**Raw data:**
*** Block opens ***
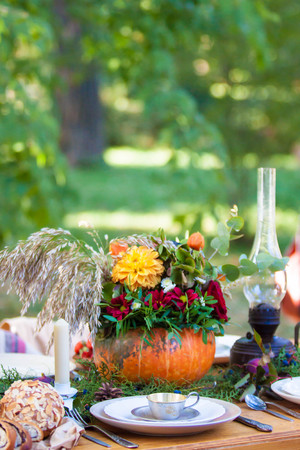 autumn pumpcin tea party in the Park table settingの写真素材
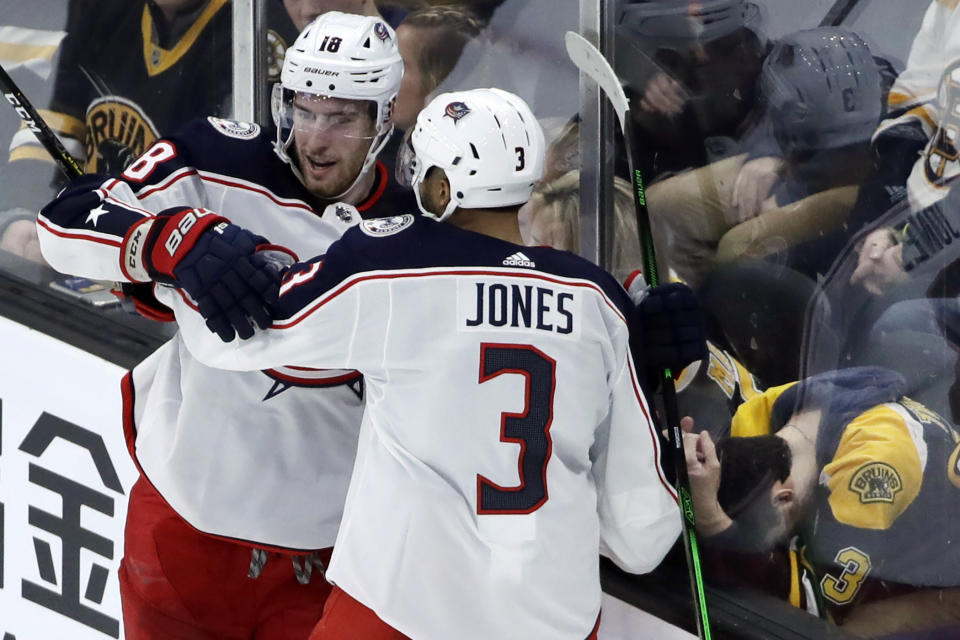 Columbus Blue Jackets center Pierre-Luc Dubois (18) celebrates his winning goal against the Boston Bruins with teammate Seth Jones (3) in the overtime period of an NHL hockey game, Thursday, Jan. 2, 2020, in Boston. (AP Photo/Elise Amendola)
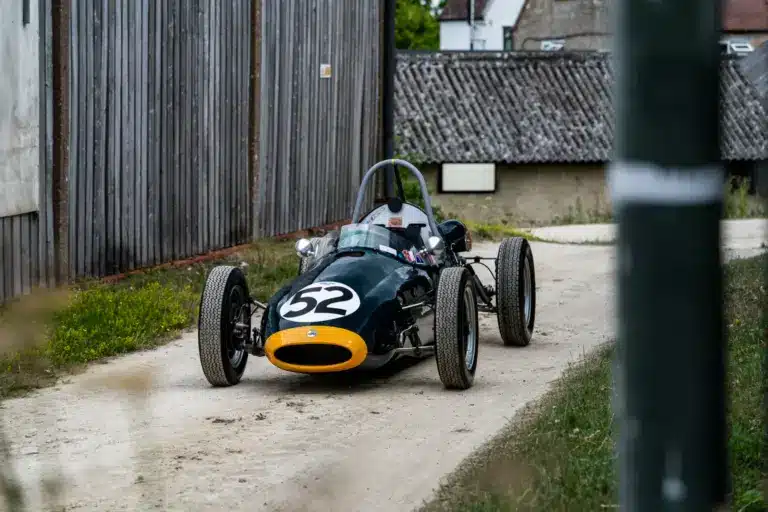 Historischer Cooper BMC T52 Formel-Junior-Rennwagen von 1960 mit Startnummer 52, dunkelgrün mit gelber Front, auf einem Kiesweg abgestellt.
*** Block closes ***
**What you have to do:**
The full text of the data above, exact and without pictures, is what to return.

**The answer:**
 autumn pumpcin tea party in the Park table settingの写真素材
 Columbus Blue Jackets center Pierre-Luc Dubois (18) celebrates his winning goal against the Boston Bruins with teammate Seth Jones (3) in the overtime period of an NHL hockey game, Thursday, Jan. 2, 2020, in Boston. (AP Photo/Elise Amendola)
 Historischer Cooper BMC T52 Formel-Junior-Rennwagen von 1960 mit Startnummer 52, dunkelgrün mit gelber Front, auf einem Kiesweg abgestellt.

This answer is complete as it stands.